+++ SOURCE DATA +++
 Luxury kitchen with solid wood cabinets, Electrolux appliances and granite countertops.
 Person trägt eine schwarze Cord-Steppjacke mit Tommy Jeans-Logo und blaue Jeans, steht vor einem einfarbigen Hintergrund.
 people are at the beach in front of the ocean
+++
+++ SOURCE DATA +++
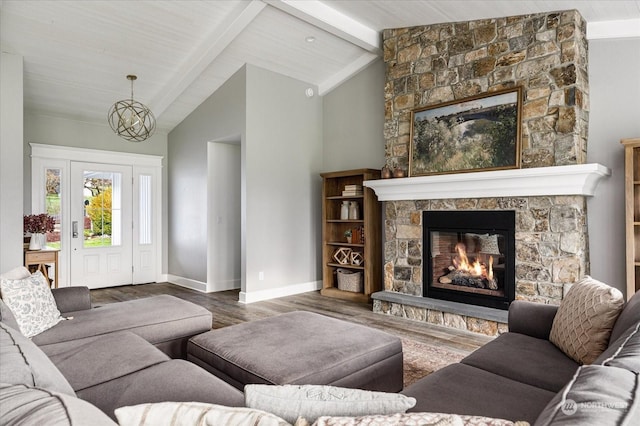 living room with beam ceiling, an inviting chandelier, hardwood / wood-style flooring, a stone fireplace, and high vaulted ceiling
+++
Restate word for word only the lines above from the line containing "Luxury kitchen with" to the line containing "people are at", both of them included.

 Luxury kitchen with solid wood cabinets, Electrolux appliances and granite countertops.
 Person trägt eine schwarze Cord-Steppjacke mit Tommy Jeans-Logo und blaue Jeans, steht vor einem einfarbigen Hintergrund.
 people are at the beach in front of the ocean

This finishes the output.